Department of Dermatology and Venereology, Institute of Clinical Sciences, Sahlgrenska Academy, University of Gothenburg, 413 45 Gothenburg, Sweden.
Center for Clinical Research Dalarna, Uppsala University, 791 82 Falun, Sweden.
Int J Mol Sci. 2024 Aug 8;25(16):8632. doi: 10.3390/ijms25168632.

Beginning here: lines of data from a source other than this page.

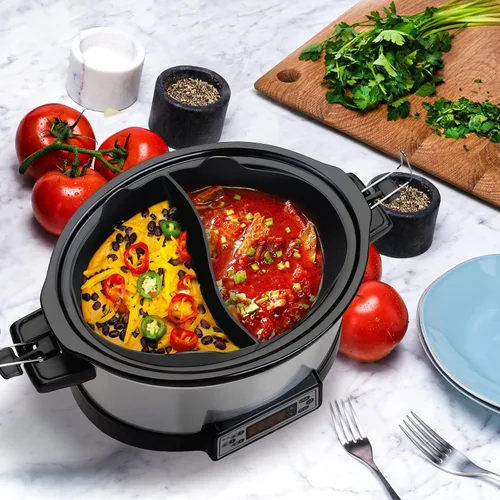 Vista 4 de Forros de silicona para olla de cocción lenta, compatibles con Crockpot y Hamilton Beach 6-7QT, separador de silicona, reutilizable/Libre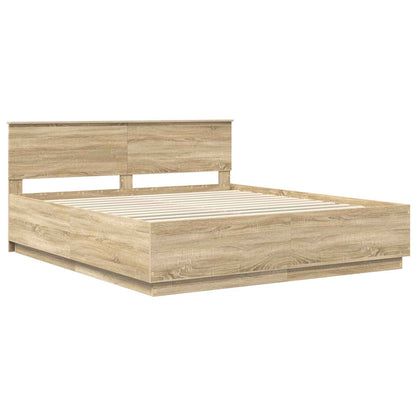 vidaXL Bettrahmen mit Kopfteil Sonoma-Eiche 200 x 200 cm Holzwerkstoff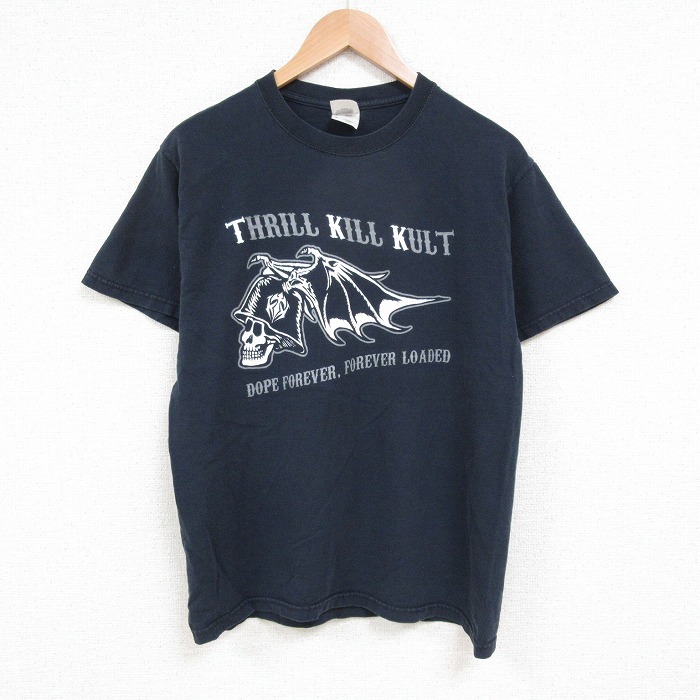 M★古着 フルーツオブザルーム 半袖 ビンテージ Tシャツ メンズ 00年代 00s スカル コットン クルーネック 黒 ブラック 25jun07 中古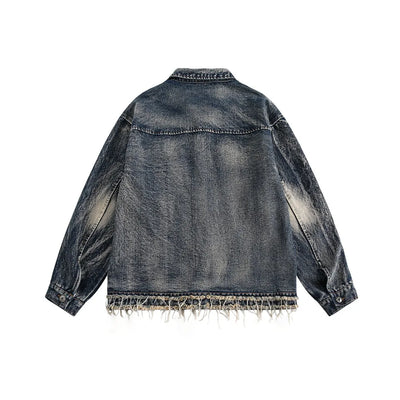 Men's Washed Denim Jacket Blue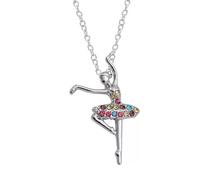 TSUOUKL Collana in argento 925 con ciondolo a forma di angelo,Pendente Collana con ciondolo a forma di ballerina, per bambine,ragazze,ideale come regalo per la Prima Comunione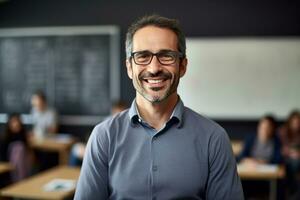 ai generado retrato de masculino profesor sonriente en salón de clases bokeh estilo antecedentes foto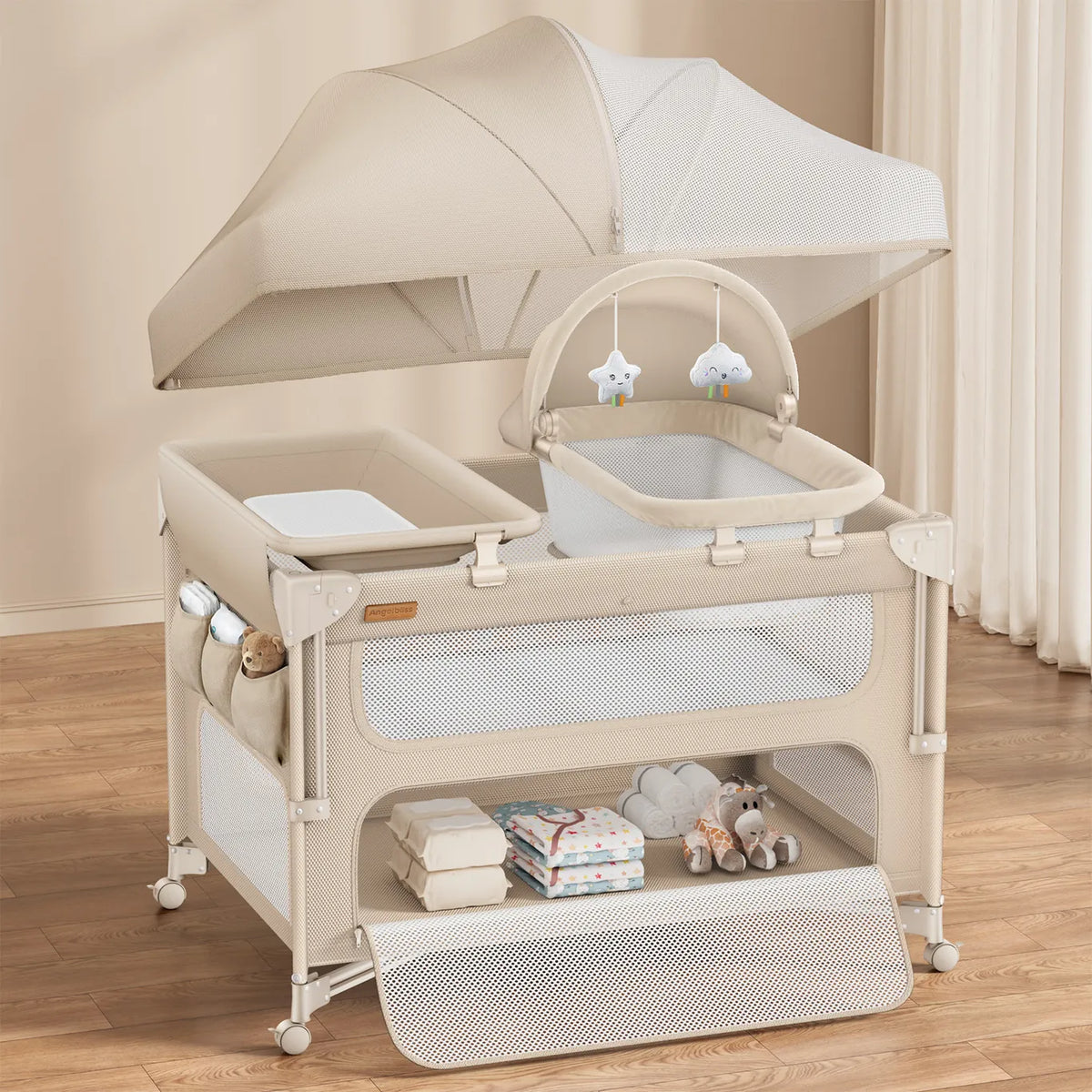 5-in-1 Baby Bassinet Bedside Sleeper & Portable Playard with Changing Table, One-Push Fold | BCR03-PRO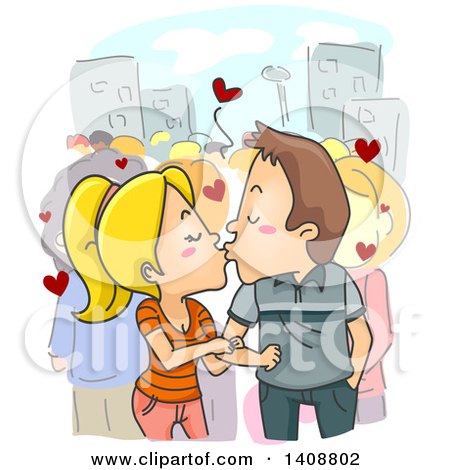 Clipart of a Cartoon Caucasian Couple Kissing in Public - Royalty Free Vector Illustration by BNP Design Studio
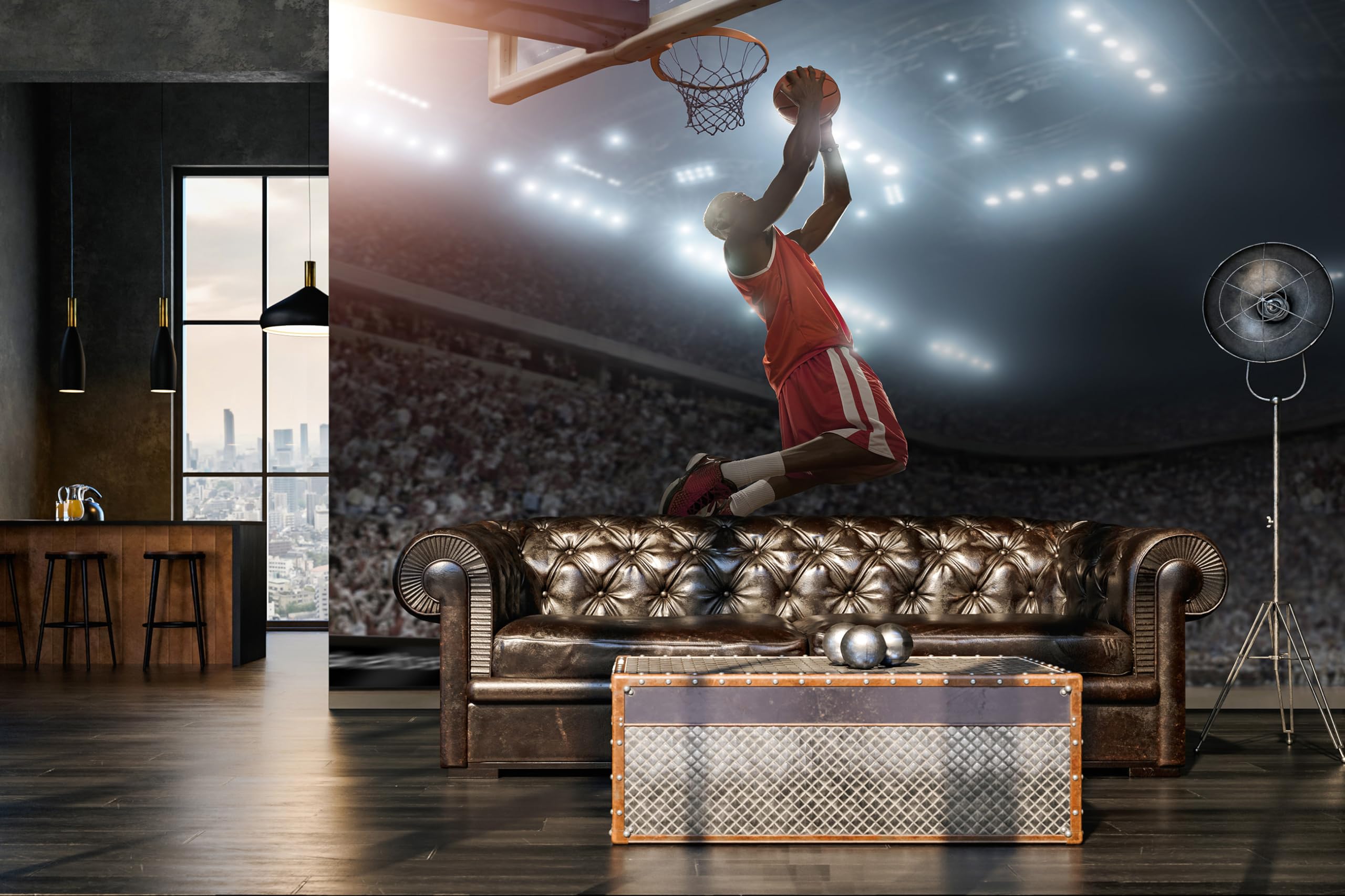 WallArena Vlies Fototapete, Basketball, 368x254cm | Fototapeten - Tapeten - für Wohnzimmer Schlafzimmer - Vliestapete Wandtapete Tapete 3D Effekt- inkl. Kleister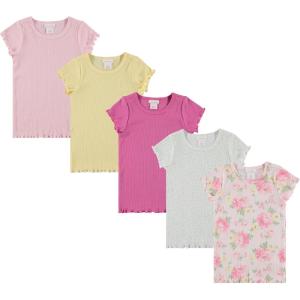 imageLaura Ashley 5Pack Infant ampamp Toddler Girls Shirts  Stylish Comfort and Fashion Multipack Childrens EssentialsFloral  White  Magenta  Yellow  Pink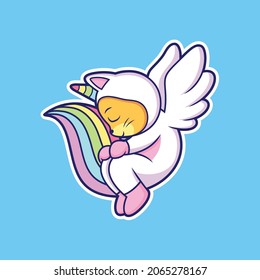 Cute unicorn cat cartoon sleep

Vitamin D plays a role in inflammatory skin disease, but the exact mechanisms and the clinical significance remain unclear. According to the free hormone hypothesis, it is the free concentration of 25-hydroxy vitamin D (25(OH)D) that is biologically active. Vitamin D-binding protein (DBP) acts as the major transporter of vitamin D in the circulation, and DBP concentration defines the free 25(OH)D levels. DBP levels are elevated in various inflammatory conditions, including psoriasis. Narrowband-ultraviolet B (NB-UVB) is the most widely used phototherapy and is an established first-line treatment for psoriasis and atopic dermatitis (AD), often used before proceeding to systemic treatment. The aim of this study was to investigate the influence of NB-UVB phototherapy on DBP and high-sensitivity C-reactive protein (hsCRP) levels, as markers of systemic inflammation, in inflammatory skin disease. Thirty adults (psoriasis ( = 20) and AD ( = 10)) were treated with NB-UVB. Serum DBP, hsCRP, total and free 25(OH)D, and 1,25-dihydroxy vitamin D (1,25(OH)D) were measured before and after NB-UVB. Disease severity was assessed with Psoriasis Area and Severity Index (PASI), SCORing Atopic Dermatitis (SCORAD), and Visual Analogue Scale (VAS). DBP decreased in psoriasis patients and varied with no clear trend in AD patients. HsCRP decreased in both groups, but this did not reach statistical significance. PASI, SCORAD, and VAS improved, and vitamin D levels increased after NB-UVB. Sub-analysis indicated a better response to NB-UVB for patients with vitamin D deficiency and insufficiency compared to vitamin D-sufficient patients. The decrease in DBP after NB-UVB in psoriasis patients suggests a potential systemic anti-inflammatory effect of phototherapy. Measurement of vitamin D levels may potentially serve as a tool to identify patients who would derive the greatest benefit from NB-UVB phototherapy.
维生素 D 在炎症性皮肤病中发挥作用,但确切机制和临床意义仍不清楚。根据游离激素假说,具有生物活性的是 25-羟维生素 D(25(OH)D)的游离浓度。维生素 D 结合蛋白(DBP)作为循环中维生素 D 的主要转运蛋白,而 DBP 浓度决定了游离 25(OH)D 水平。DBP 水平在各种炎症性疾病中升高,包括银屑病。窄谱-中波紫外线(NB-UVB)是最广泛使用的光疗方法,是银屑病和特应性皮炎(AD)的既定一线治疗方法,通常在进行系统治疗之前使用。本研究旨在探讨 NB-UVB 光疗对炎症性皮肤病中作为全身炎症标志物的 DBP 和高敏 C 反应蛋白(hsCRP)水平的影响。30 名成年人(银屑病(=20)和 AD(=10))接受 NB-UVB 治疗。在 NB-UVB 治疗前后测量血清 DBP、hsCRP、总 25(OH)D、游离 25(OH)D 和 1,25-二羟维生素 D(1,25(OH)D)。用银屑病面积和严重程度指数(PASI)、特应性皮炎评分(SCORAD)和视觉模拟评分(VAS)评估疾病严重程度。银屑病患者的 DBP 下降,AD 患者的 DBP 变化无明显趋势。两组 hsCRP 均下降,但无统计学意义。PASI、SCORAD 和 VAS 改善,NB-UVB 后维生素 D 水平升高。亚分析表明,与维生素 D 充足的患者相比,维生素 D 缺乏和不足的患者对 NB-UVB 的反应更好。银屑病患者 NB-UVB 后 DBP 下降提示光疗具有潜在的全身抗炎作用。维生素 D 水平的测量可能是识别从 NB-UVB 光疗中获益最大的患者的一种工具。